Во Франции я смог наконец взращивать свои собственные мечты. Есть за своим собственным столом. Это не просто метафора. Помню, как я впервые уселся под навесом на террасе одного бистро. В Марселе, вскоре после прибытия парохода, до того как сесть на поезд, идущий в Монпелье. Столик был маленьким, и на его толстых досках виднелись следы от перочинного ножа. Я сказал себе: вот оно, счастье! счастье быть не у себя дома! не сидеть за семейным столом! Без гостей, которые стремятся блеснуть красноречием или познаниями. Без постоянного присутствия отца, без его взора, проникающего в мой взор, в мою тарелку, в мои мысли. О, детство мое вовсе не было несчастным, отнюдь! Я был всеобщим любимцем и ни в чем не знал отказа. Но всегда пребывал под тяжестью отцовского взгляда. В котором светилась громадная любовь, громадная надежда. И громадная требовательность. Давящая. Изнуряющая.

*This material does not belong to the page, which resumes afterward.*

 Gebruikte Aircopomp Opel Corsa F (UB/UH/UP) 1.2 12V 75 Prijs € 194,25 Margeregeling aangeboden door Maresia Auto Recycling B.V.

В Марселе в тот день, первый мой день на французской земле, я ощущал необыкновенную легкость. Три девушки прошли мимо террасы, совсем близко от меня. На них были развевающиеся платья и странные соломенные шляпки. Словно они сбежали с какого-то праздника или вырвались из ловушки. Они смеялись. Ни одна из них не посмотрела на меня, но я возомнил, будто их необычный наряд предназначен мне и они нарочно прогуливаются тут.